Source data
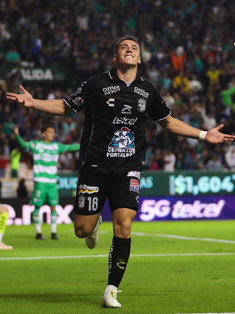 León vence a Santos y se clasifica a cuartos de final del Apertura del fútbol mexicano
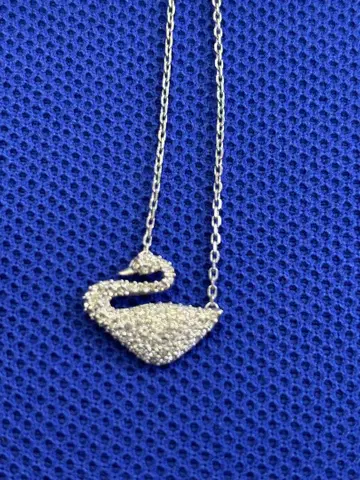 SWAROVSKI 스완 디자인 목걸이
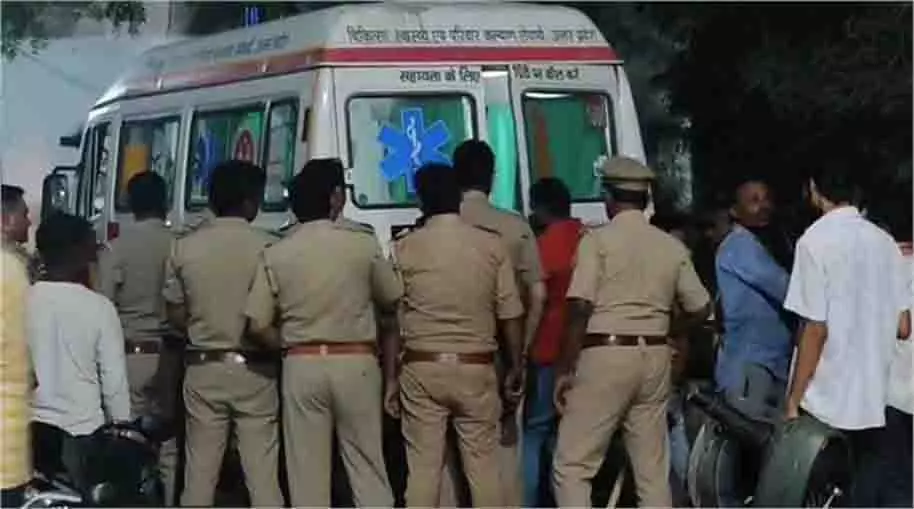 Up News:लक्ष्मी पूजा पर्व पर ,चाकू बाजी में दो लोग घायल, गांव में दहशत Up News:लक्ष्मी पूजा पर्व पर ,चाकू बाजी में दो लोग घायल, गांव में दहशत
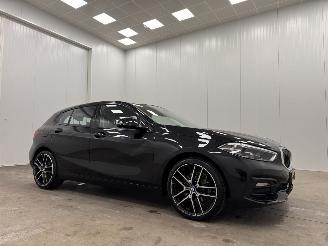 krockskadad bil auto BMW 1-serie 118i Autom. High Executive Edition 5-drs Navi Clima 2020/8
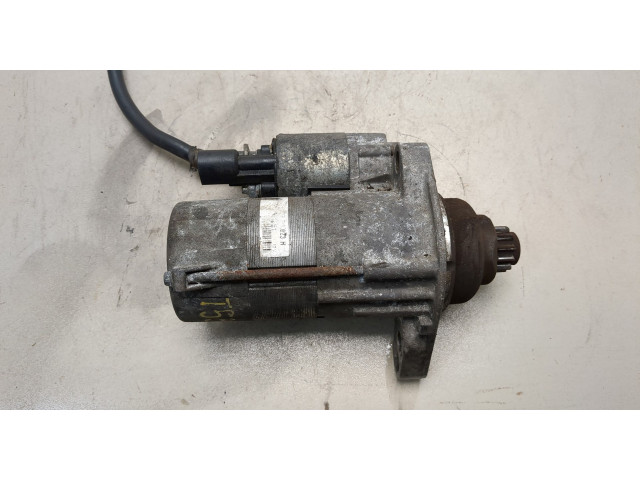 Стартер  Volkswagen Caddy 2004-2015 1.9     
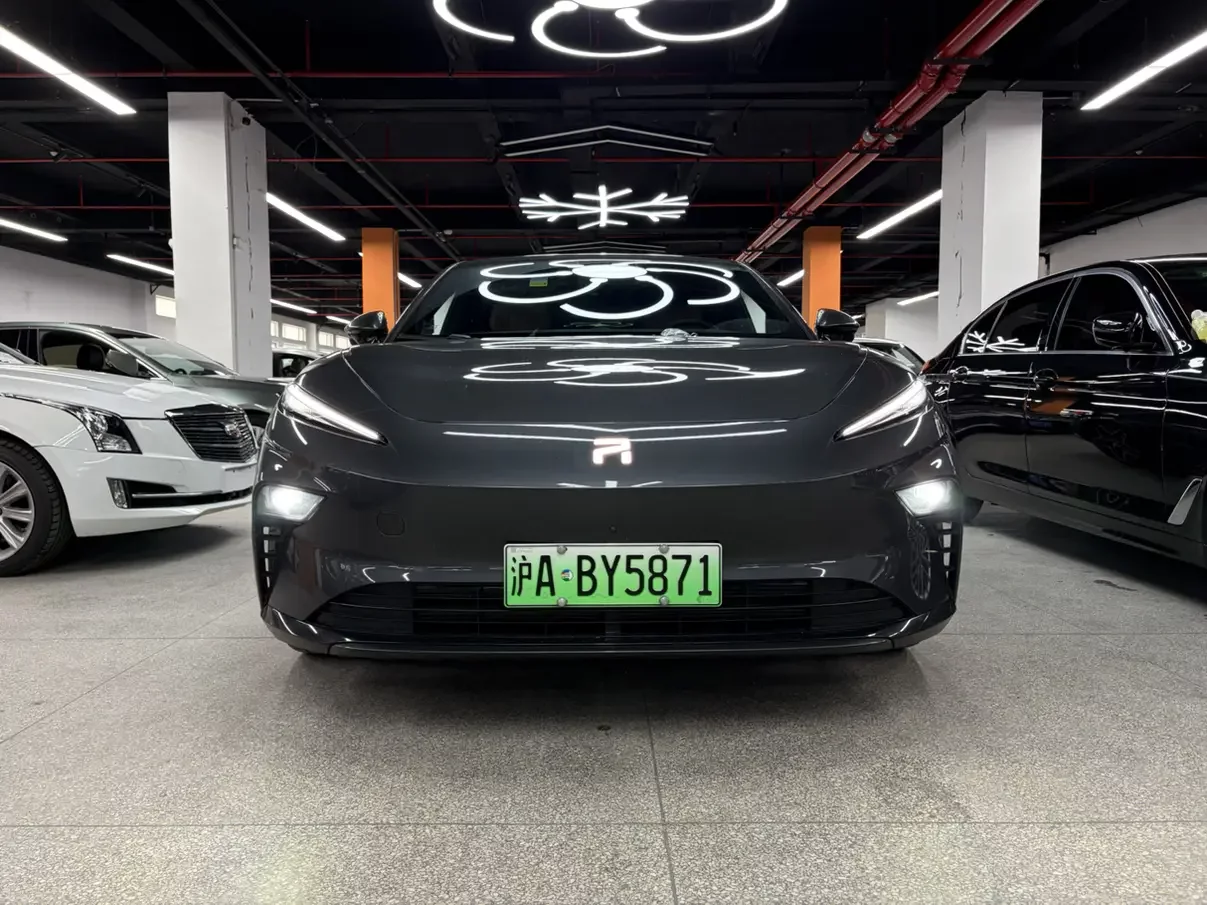Rising Auto Feifan F7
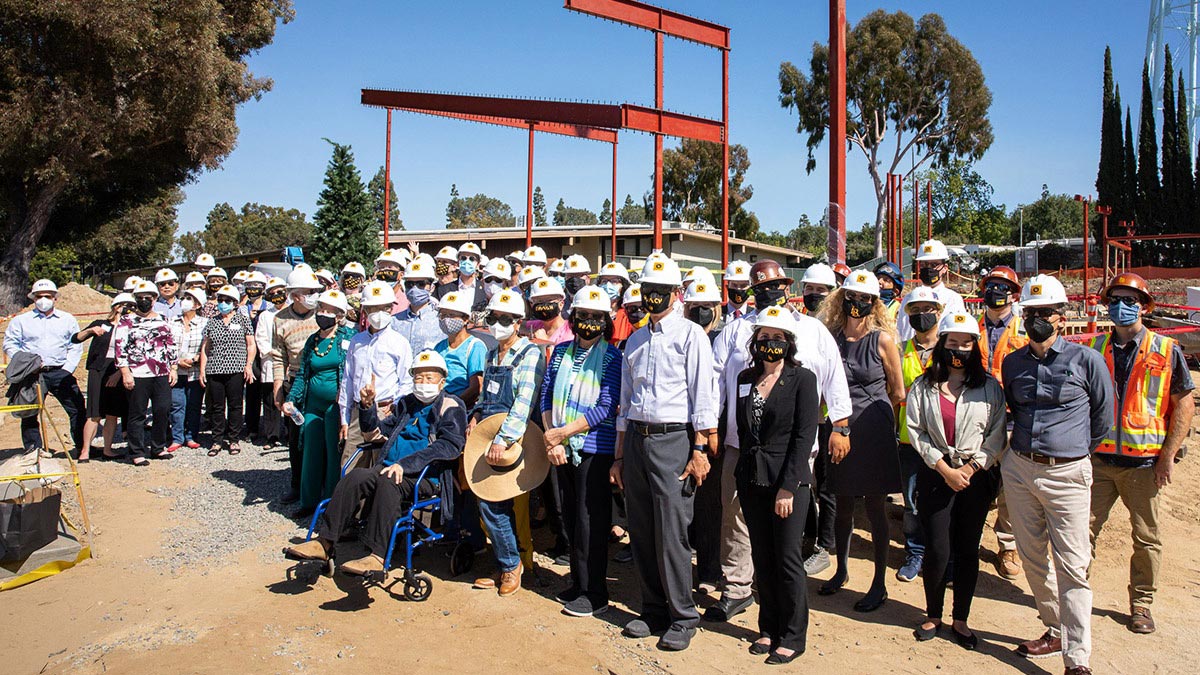 Several faculty, teachers attend Alumni Center ground breaki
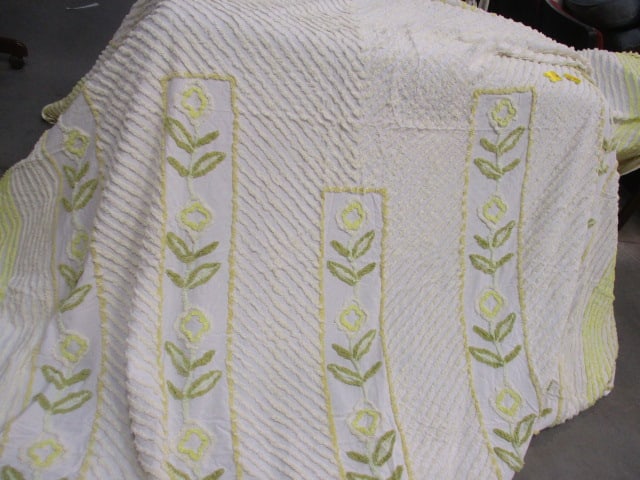 Chenille Bedspread - 4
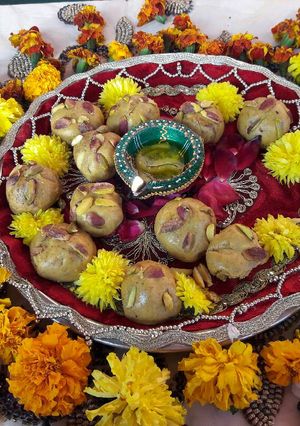 A picture of Healthy mix laddoo.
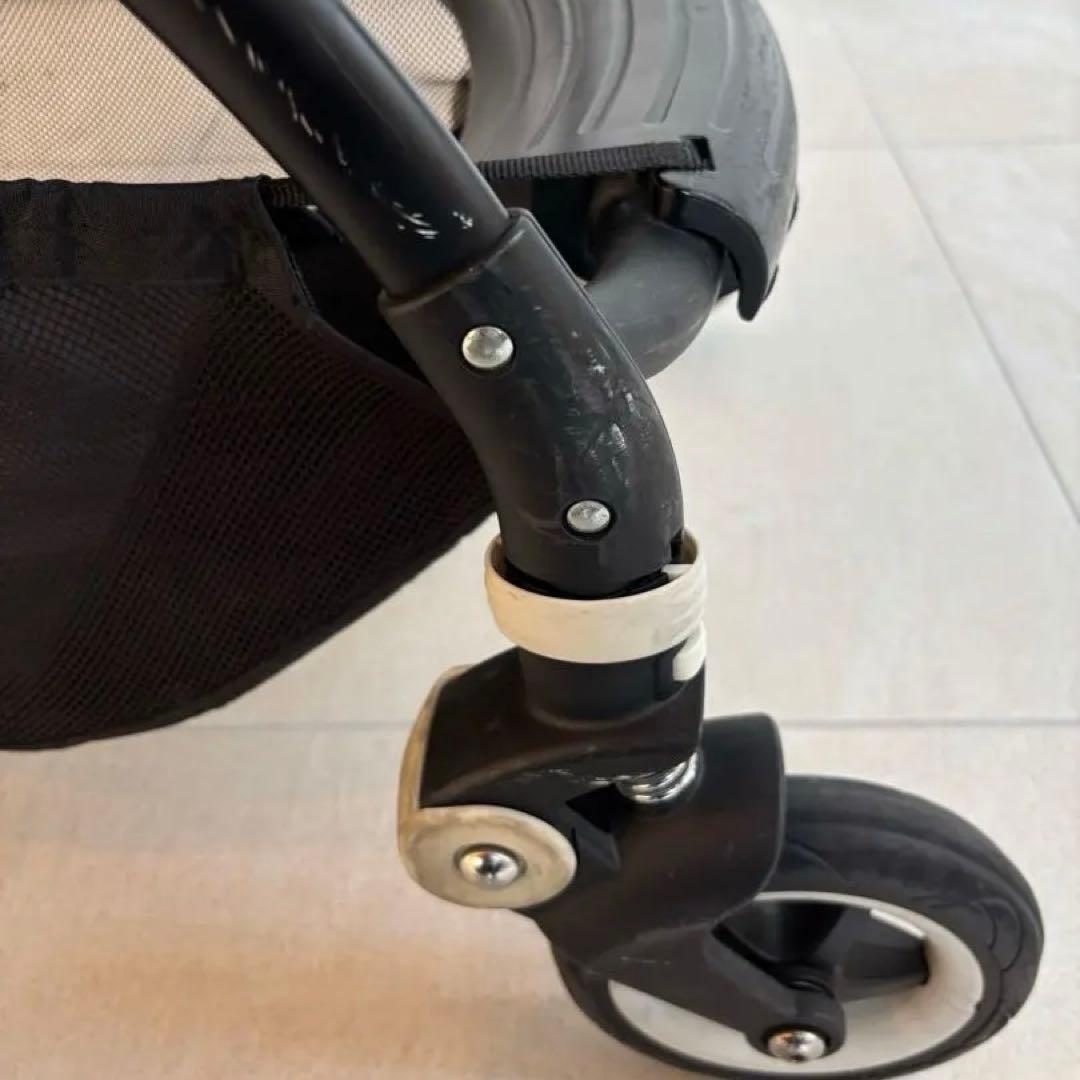 ナイキの靴付き　黒 ベビーカー バガブー ビー5 雨具　カップ　ポーチ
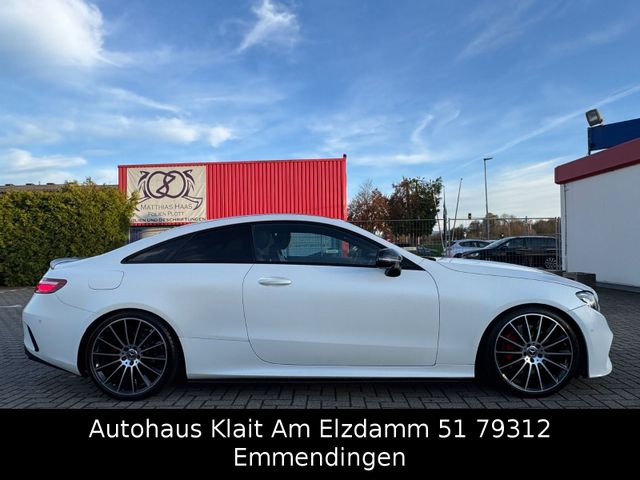 Fahrzeugabbildung Mercedes-Benz E 300 Coupé Edition 1 Kaschmir Weiß Sonderlack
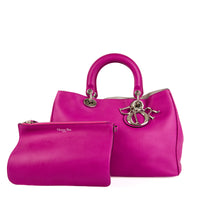 DIOR - Sac bandoulière Diorissimo Large cuir fuchsia - Handbag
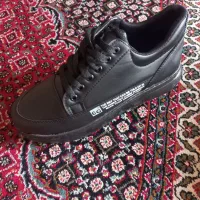 کفش اسپرت کاملا نو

## To do
Please retype, exactly and with the pictures left out, the lines from the line containing "Several faculty, teachers" through the last line of the records above.

## Written answer
 Several faculty, teachers attend Alumni Center ground breaki
 Chenille Bedspread - 4
 A picture of Healthy mix laddoo.
 ナイキの靴付き　黒 ベビーカー バガブー ビー5 雨具　カップ　ポーチ
 Fahrzeugabbildung Mercedes-Benz E 300 Coupé Edition 1 Kaschmir Weiß Sonderlack
 DIOR - Sac bandoulière Diorissimo Large cuir fuchsia - Handbag
 کفش اسپرت کاملا نو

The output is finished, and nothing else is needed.